Yaşadığım her şey gözümün önünden geçiyordu. Teker teker.

Kafamı sallayarak tableti koltuğa bırakıp sargı bezini alarak tekrar banyoya yöneldim. Dolaba geri koyduktan sonra lavabonun üzerindeki aynada kendimi görmemle yerime mühürlenmem bir olmuştu.

Dudağımın kenarında kan kurumuştu ve dudaklarım olması gerekenden daha fazla kızarıktı. Kırmızı ruj sürmüş gibi duruyordum. Aynaya yakınlaşıp elimle dudaklarımı sildim çıkar umudu ile. Çıkmadı.

"Dudağımı mı ısırdım acaba? Bir yere mi çarptım?"

Musluğu açıp elime su alarak dudağımın kenarındaki kanı temizledim. Aynaya tekrar baktığımda dudaklarım hala kırmızı olsada, kan gitmişti.

*

Bir binadayım. Lüks ve yeni bir bina sayılmazdı. Hatta değildi. Dar koridorun sonundaki kapı aralık bir şekilde duruyor. Kahverengi eski bir kapı. Numara 382. Kapıya yönelip içeriye giriyorum. İçerisi oldukça eskiydi. Antika diyebileceğim eşyalarla döşeli. Koyu asker yeşili kadife koltuklar, hardal rengi perde fonları, krem rengi hafif kirlenmiş bir halı kaplaması, eskitme kahverengi, cilalı bir yemek masası koltukların yanında duruyor. Üstünde üç başlı şamdan. İçerisi is kokuyor. Yoğun bir is kokusu.

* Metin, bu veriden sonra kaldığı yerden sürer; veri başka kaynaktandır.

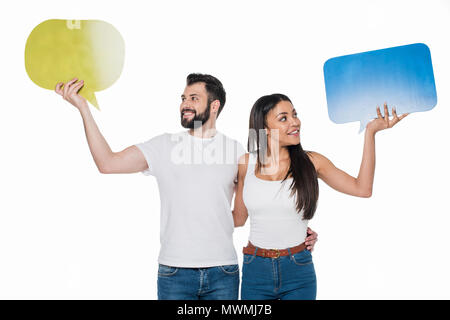 Portrait of couple looking at blank speech bubbles in hands isolated on white Stock Photo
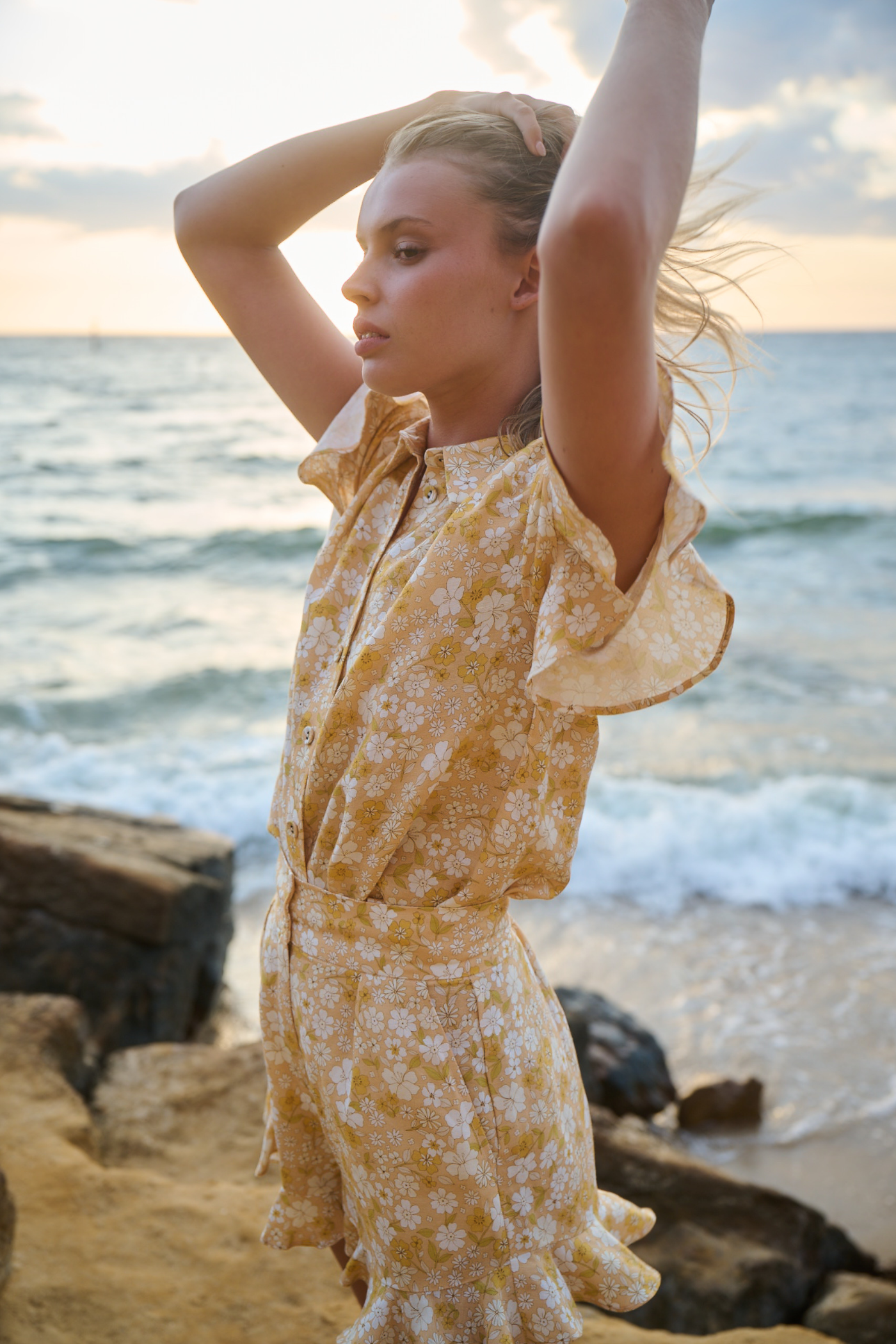 beach photoshoot wearing orange floral co ord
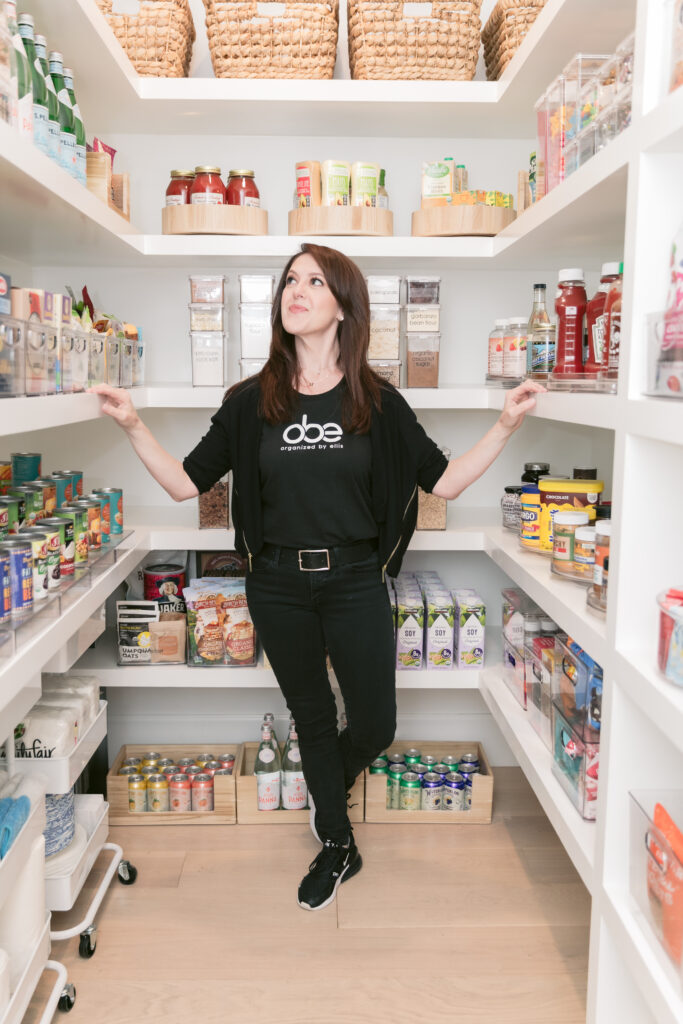 A woman standing in front of a well-stocked pantry full of gluten-free food.
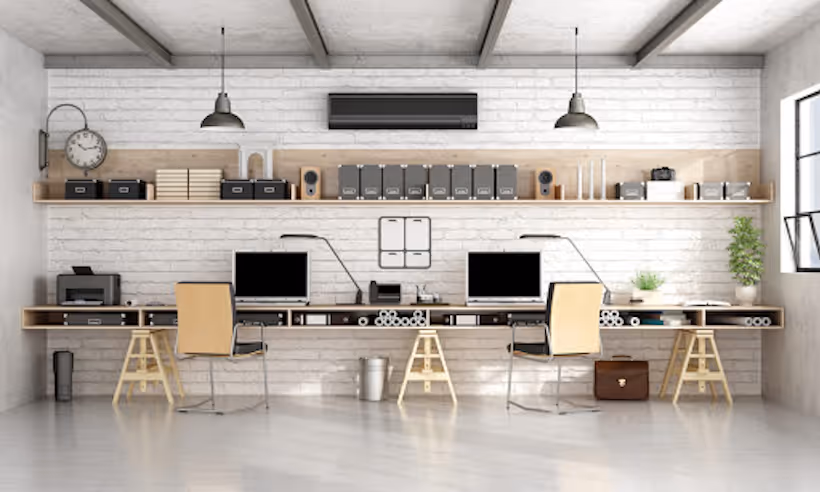 Minimalist workspace with computers, shelves, and white brick wall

Bir odaya yürüyorum. Kapıyı yavaşça açıp içeriye bakıyorum. Oldukça sessizdim. Kendimi bile duymuyordum. Sanki nefes almıyorum. Sanki kalbim bile atmıyor. Bedenim bir sessizlik içinde.

Kapıdan içeri girip yatakta yan bir şekilde duvara dönük yatan bir adam görüyorum. Uzun boyluydu. Orantılı bir vücudu vardı. Onun nefes alış verişini duyabiliyorum. Kalp atışlarını da duyabiliyorum. Oldukça yavaş nefes alıp veriyor. İki üç adım atarak yataktaki uyuyan bedene yaklaştım. Üst bedenimi ona doğru eğdim. Yan profilini daha iyi görebiliyorum şimdi. Saçları siyaha yakın bir kahve ve uzun. Suratında iki adet karakteristik bir beni var...

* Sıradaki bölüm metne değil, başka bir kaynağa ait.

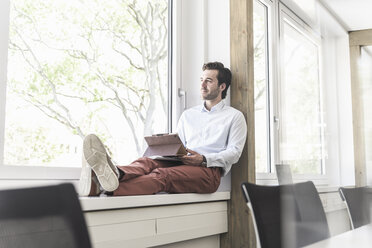 Young businessman sitting on windowsill, using digital tablet - UUF17701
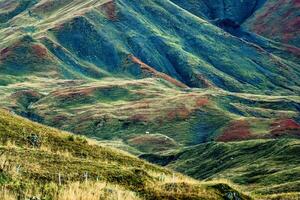 Landscape of rugged texture rocky mountain and herd of cow on pasture at rural scene photo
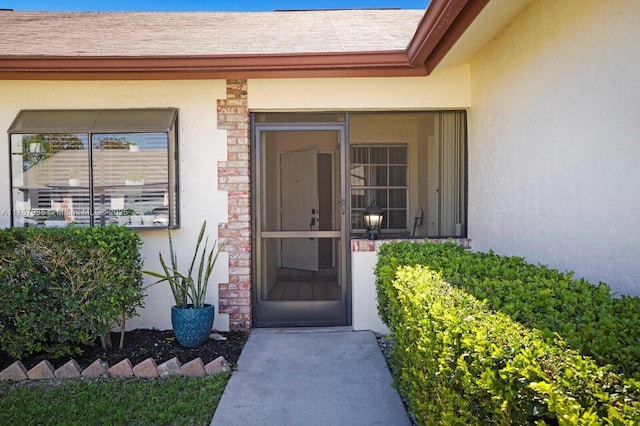 doorway to property featuring stone siding, roof with shingles, and stucco siding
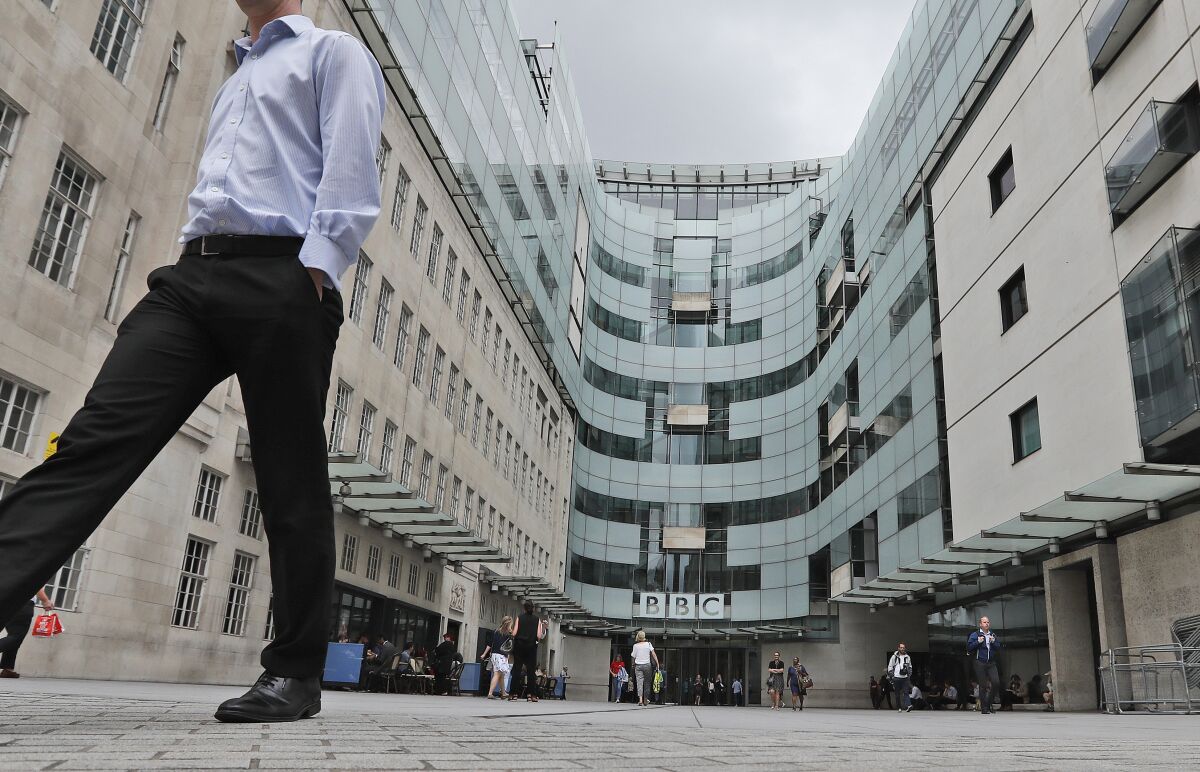FILE - This Wednesday, July 19, 2017 file photo shows the main entrance to the headquarters of the publicly funded BBC in London. British radio host Sideman quit the BBC on Saturday Aug. 8, 2020, over the corporation’s decision to include a racial slur in a news report about a racist attack. (AP Photo/Frank Augstein, File)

Dönüp uyuyan bedene tekrar bakıyorum. Hareketlenip bu seferde bana doğru döndü ve uykusuna devam etti. Yüzünden akan ter damlası yavaş yavaş boynuna indi. Ona yaklaşıp suratına yakın bir şekilde diz çöküyorum. Kokusu buram buram geliyor. Nefesinin sıcaklığı soğuk yüzüme vuruyor. Elimi onun boynuna, akan terinin üstüne götürüyorum. Elim onun sıcaklığını almıyor, o elimin soğukluğunu alıyor, çekiyor. Sıcak boynu buz kesiyor yavaş yavaş.

*

Apartmandan çıkıp yürümeye başladım. Hava serin ve yağmurluydu. Ellerimi cebime atarak ısıtmaya çalışıyordum. On dakika yürüdükten, yüzlerce su birikintisine bastıktan sonra döneceğim köşeye geldim. Karşımdan hızla koşarak gelen bir adam omzuma çarpıp geriye sendelememi sağlarken kekremsi bir koku burnuma doldu.

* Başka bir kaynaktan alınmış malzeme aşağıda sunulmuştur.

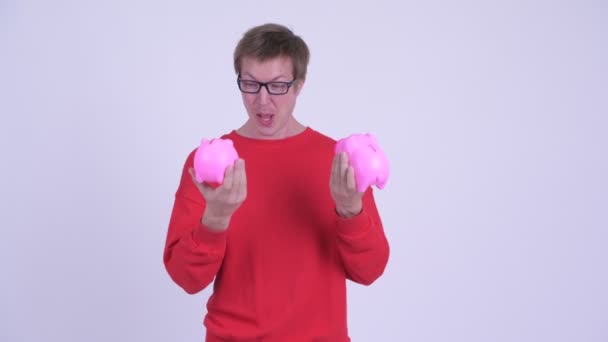 Happy young man playing with two piggy banks - Footage, Video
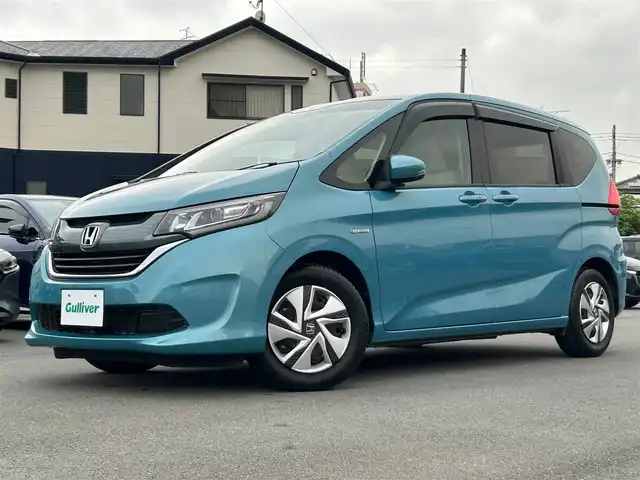 ホンダ フリード ハイブリット G ホンダセンシング 静岡県 2018(平30)年 5.7万km ブルーホライゾンM エンジンスタートボタン/パワーステアリング/パワーウィンドウ/寒冷地仕様/アイドリングストップ/スマートキー/オートエアコン/クルーズコントロール/純正ETC/バックカメラ/純正メモリナビ（CD/BT/ワンセグ）/ドライブレコーダー/3列シート/ウォークスルー/純正フロアマット/両側パワースライドドア/純正アルミホイール/ABS/横滑り防止装置/レーンキープアシスト/オートライト/LEDヘッドライト/Wエアバック/衝突軽減システム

"Hey dikkatli olsana be!!"

Adam şaşkın bir halde gözlerine ıslak saçları düşmüş olmasına rağmen bana bakıyordu. Yarım yamalak görünüyordu gözleri ama bir şeyden korkup kaçtığı belliydi. Gözümde kısa bir süreliğine bir anı canlandı sanki, garip ve oldukça tuhaf. Adam ani bir hareketle dönüp koşmaya başladı. Bu, bu çok... Bu anı nerde yaşadım ben? Bu anı daha önce yaşadığıma yemin edebilirim kokudan dolayı mı tanıdık geldi yoksa dejavu mu yaşadım bilmiyorum.